SUPPLIED MATERIAL ::

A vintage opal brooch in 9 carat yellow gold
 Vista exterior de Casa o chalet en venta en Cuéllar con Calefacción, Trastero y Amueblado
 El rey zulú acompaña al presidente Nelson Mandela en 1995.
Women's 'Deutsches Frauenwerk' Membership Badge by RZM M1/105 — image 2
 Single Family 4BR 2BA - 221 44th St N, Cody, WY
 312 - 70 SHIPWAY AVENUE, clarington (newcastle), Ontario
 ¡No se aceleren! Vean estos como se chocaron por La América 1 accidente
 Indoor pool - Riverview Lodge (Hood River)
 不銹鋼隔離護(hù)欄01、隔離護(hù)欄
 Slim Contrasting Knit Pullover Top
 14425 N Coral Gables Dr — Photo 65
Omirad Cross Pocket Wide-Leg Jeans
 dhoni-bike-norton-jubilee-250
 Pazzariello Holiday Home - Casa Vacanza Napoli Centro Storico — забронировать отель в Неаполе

ABOUT THIS TASK :: Copy out, exactly as given, the line containing "Women's 'Deutsches Frauenwerk'" together with every line after it in the material.

TASK OUTPUT ::
Women's 'Deutsches Frauenwerk' Membership Badge by RZM M1/105 — image 2
 Single Family 4BR 2BA - 221 44th St N, Cody, WY
 312 - 70 SHIPWAY AVENUE, clarington (newcastle), Ontario
 ¡No se aceleren! Vean estos como se chocaron por La América 1 accidente
 Indoor pool - Riverview Lodge (Hood River)
 不銹鋼隔離護(hù)欄01、隔離護(hù)欄
 Slim Contrasting Knit Pullover Top
 14425 N Coral Gables Dr — Photo 65
Omirad Cross Pocket Wide-Leg Jeans
 dhoni-bike-norton-jubilee-250
 Pazzariello Holiday Home - Casa Vacanza Napoli Centro Storico — забронировать отель в Неаполе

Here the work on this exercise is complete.